Objective facts and self-esteem are the enemies of gossip

Nobody wants to be known as a gossip. But, let’s face it: One way or another, many of us engage in gossip to some degree. Even if you never open your mouth, you’re contributing to gossip if you patronize (or even believe) the magazines, websites or television shows politely labeled “entertainment news.”

In Psychology Today, Nigel Nicholson, Ph.D. writes that gossip is a “guilty pleasure” serving three essential purposes: networking, influence and alliance. Networking refers to the value people gain from impressing others by being ‘in the know.’ Influence and alliance refer to the human need to impress other people and feel connected to them by sharing information about others, thereby making us feel closer to one another.

These theories make sense, but my take on gossip is somewhat different. I view gossip as a compulsion to talk about other people, regardless of the facts, for the express purpose of feeling better about yourself. The same motivation applies to listening to, or reading about gossip related to celebrities. This motivation, if it could speak, would say, “If I talk about other people’s weaknesses, then I’ll feel better about my own weaknesses.”

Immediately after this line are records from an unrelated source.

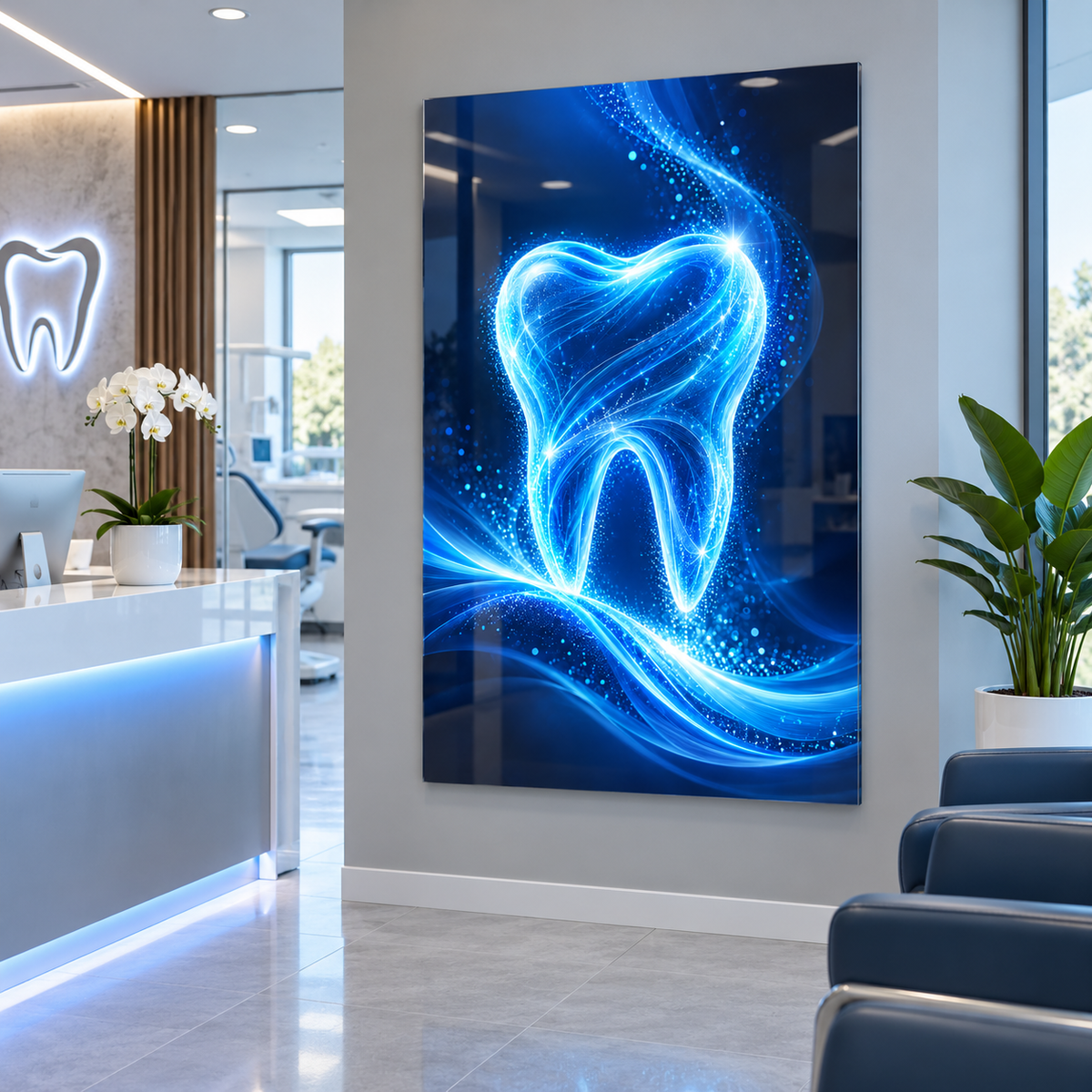 Safir Dijital Diş Dikey Cam Tablo — Diş kliniği resepsiyonu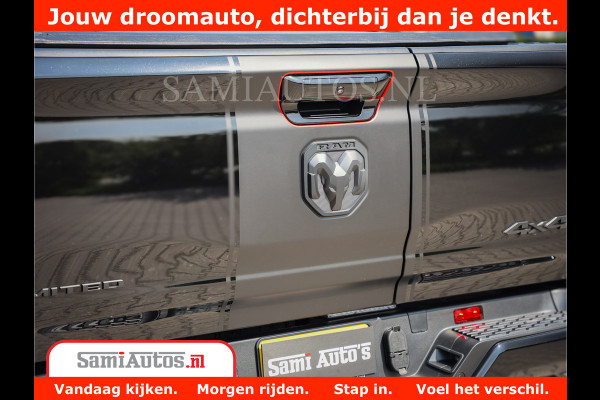 Dodge Ram 1500 Limited Night High Output 540HP 706Nm | Massage + Full Option | De Meest Luxe en Volle Pick-Up in zijn Klasse | Comfortabele Dubbele Cabine met Royale 5 Zitplaatsen | BPM vrij | Nu Leverbaar uit Voorraad | Voorraad Nr 2354 - 3380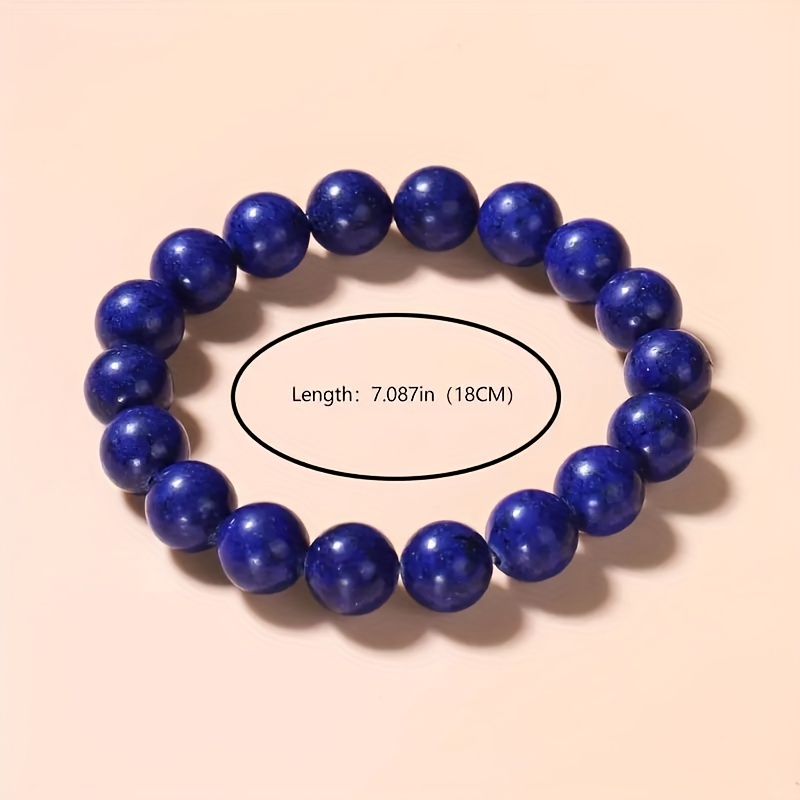 Lapis Beaded Bracelet for Men, 10mm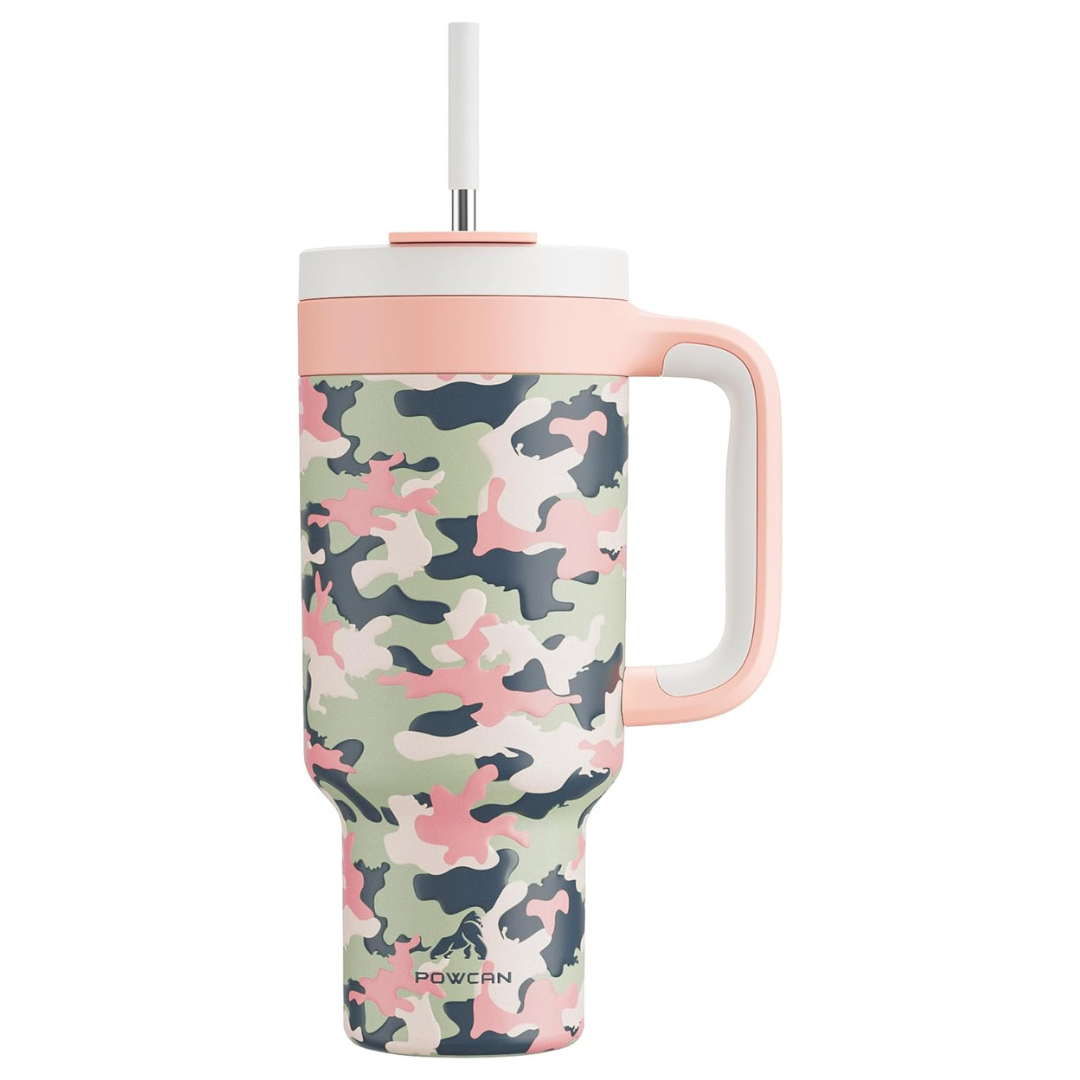 40oz Camo Insulated Stainless Steel Tumbler With Handle & Sip Lid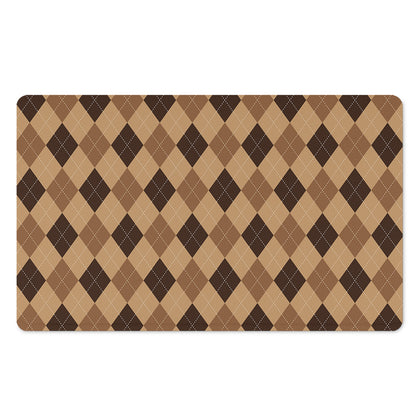 Brown Argyle Pattern Print Polyester Doormat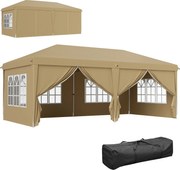 Outsunny Tenda para Festas 6x3 m Tenda de Jardim com Paredes Laterais Amovíveis 2 Portas com Zíper 4 Janelas e Bolsa de Transporte Caqui | AOSOM Portugal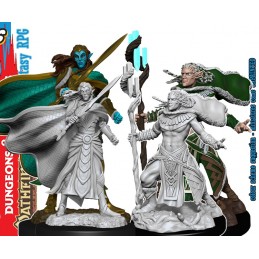 MAGIC THE GATHERING ELF FIGHTER and ELF CLERIC MINIATURE WIZKIDS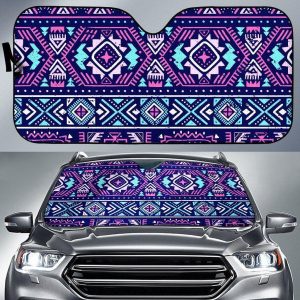 Blue And Pink Aztec Car Auto Sun Shade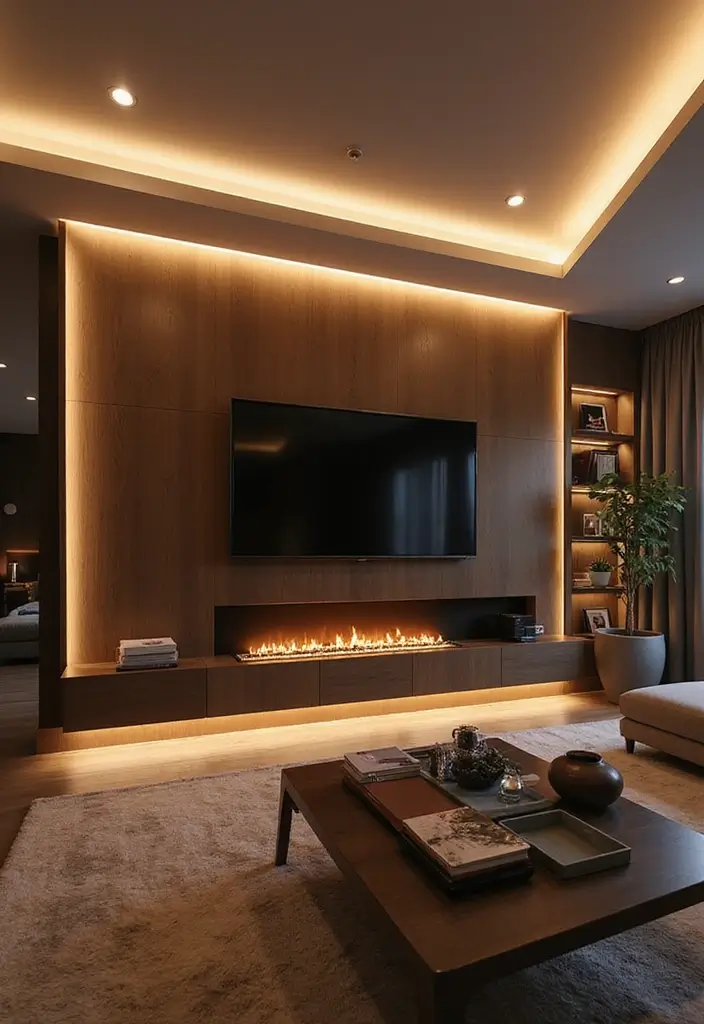 27+ Fireplace TV Wall Inspirations That Look Luxurious - 6. Integrated Lighting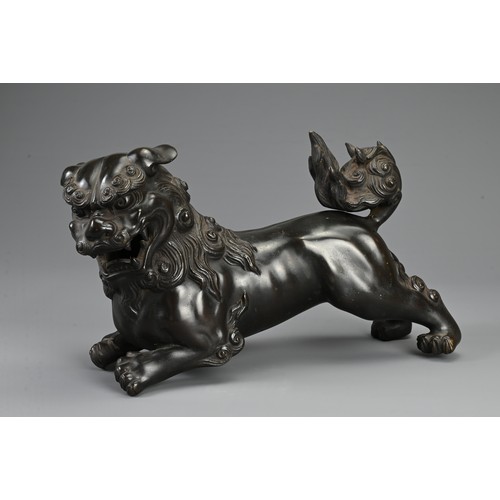 280 - A LARGE JAPANESE BRONZE MODEL OF A LION DOG, MEIJI PERIOD (1868–1912). Three sections to include the... 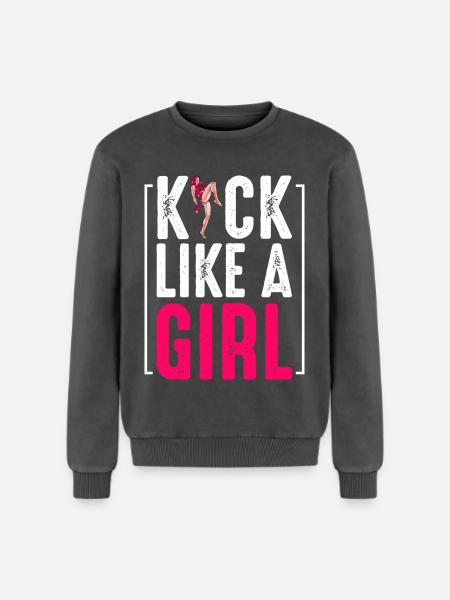 Kickboxing - Relaxed Unisex Premium Acid-Washed Sweatshirt - Schwarz Acid Wash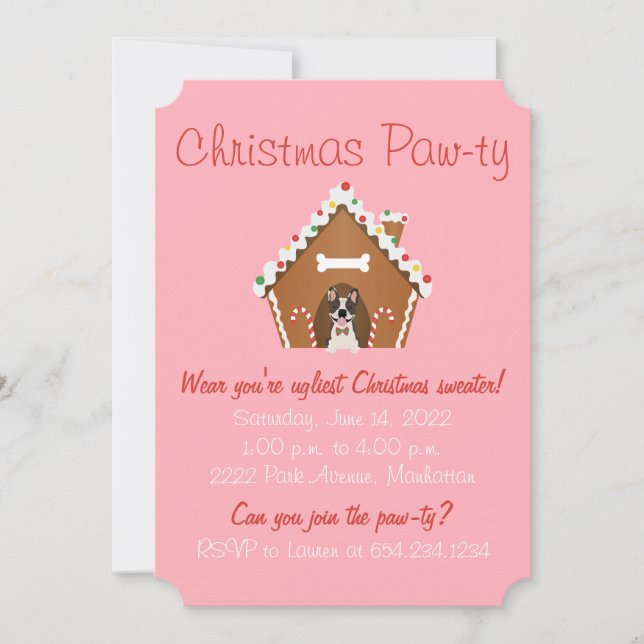 Frohe Weihnachten Gingerbread Dog House Einladung (Vorderseite)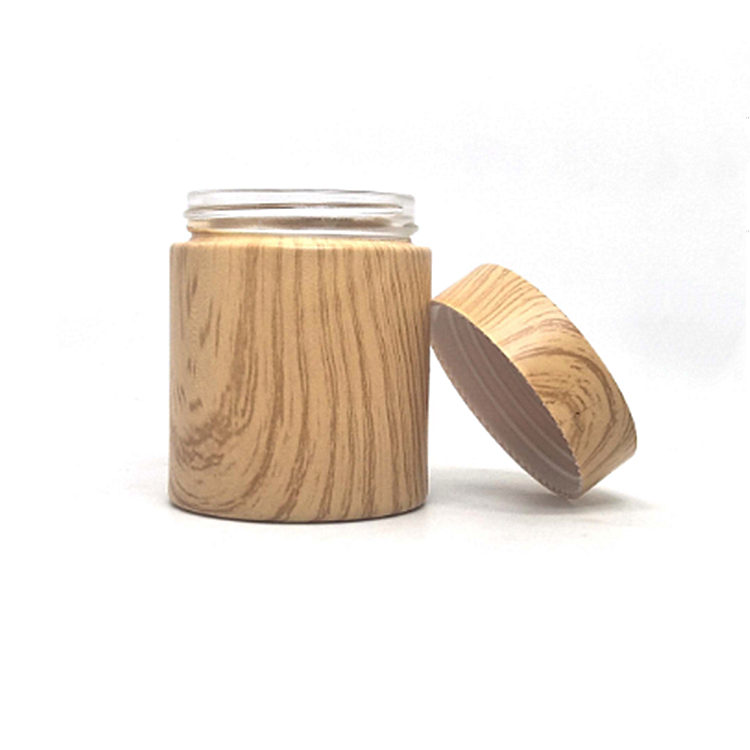 Empty Cosmetic Wood Glass Eye Cream Jar with Bamboo Cap for Lotion 30g 50g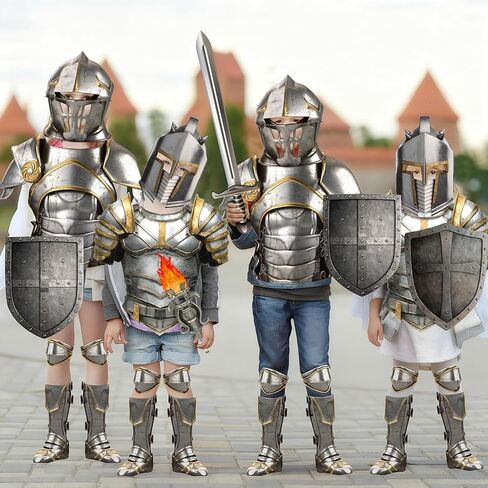 17 Pcs Medieval Knight Armor Costume Craft Kit Knight Birthday Decorations Medieval Paper Cutout Helmets Armor Toy Swords Shield Cosplay Soldier Party Supplies for Kid Dress up Props Party Decorations in Saudi Arabia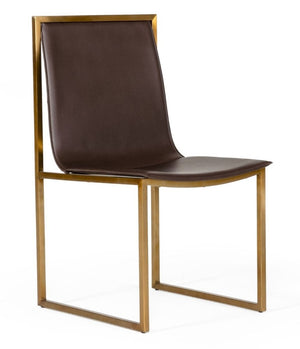 VIG Furniture Dalton Brown Leatherette Dining Chairs Set Of 2 — Brass-Gold Metal Frame, 500 Lb Capacity, No Assembly VGGMDC-305-DC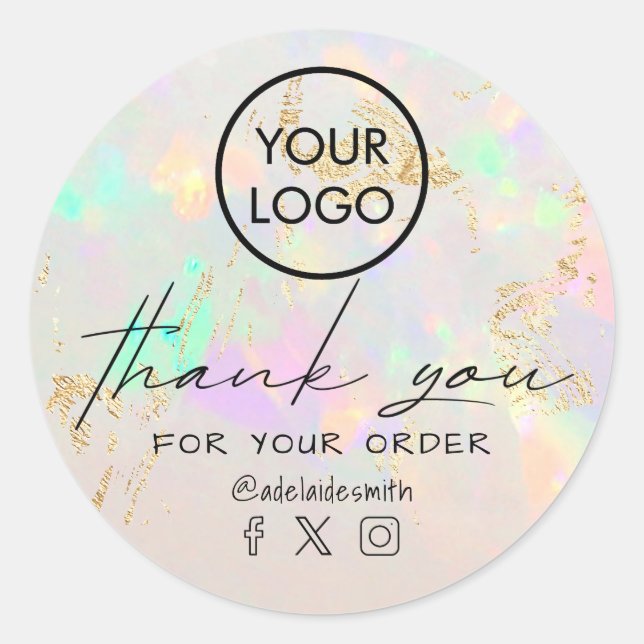  white opal inspired texture thank you classic rou classic round sticker (Front)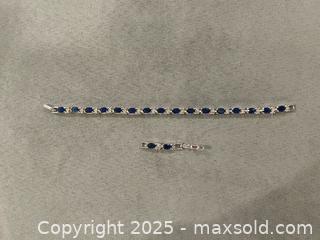 MaxSold Auction: Vintage Avon Blue and Clear stones silver toned tennis bracelet with extension - Kingston (Ontario, Canada) SELLER MANAGED Downsizing Online Auction - Crossfield Avenue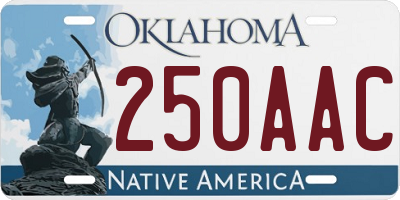 OK license plate 250AAC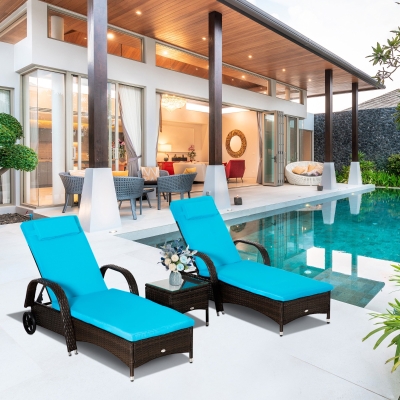 Outsunny 3pcs Wheeled Patio Rattan Chaise Lounge Set Reclining Lounger Adjustable Portable with Side Table Brown Blue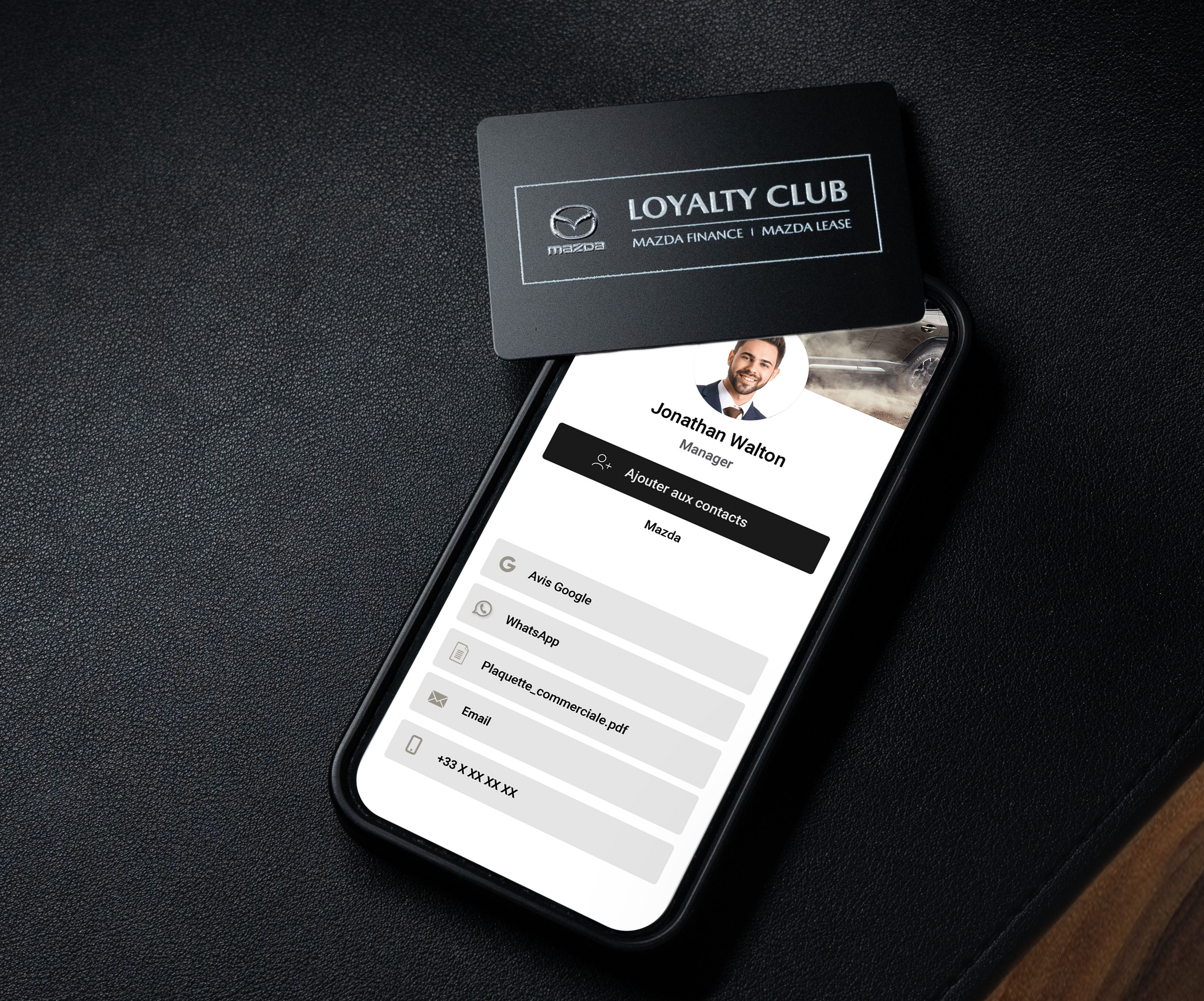 carte de visite digitale et téléphone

Information consists of objectively verifiable facts. A reasonable, honest person presents these facts in context. For example: “Here is what I know for certain. Here is what I don’t know for certain, but can assume, given what we do know. And, lastly, here is what we don’t know—but need to know.” The motive of information gathering is to conform to reality and to identify the truth. Gossip consists of “facts” that might or might not be true, and are rarely, if ever, objectively verifiable. For example: “So-and-so says— Or, “So-and-so feels— Or, “I heard that so-and-so—

Gossip is not the same as lying. Lying is absolute and deliberate. Gossip might start as an attempt to know the truth, but it collapses in the desire to paint fantasy as fact; relying on the unspoken premise that partial fiction is better than no information at all. Gossip, it used to be said, is the “hobgoblin of little minds.” There’s no question that the minds that engage in gossip are belittled—even more than the subject of the gossip itself.

Objectivity is essential to avoiding the allure of gossip. I know that ‘objectivity’ sounds stuffy, remote and the exclusive concern of high-minded scientists and (some) journalists, but this is a myth. Objectivity applies to all of us. It’s an obligation we owe to ourselves in order to remain mentally fit and grounded in reality.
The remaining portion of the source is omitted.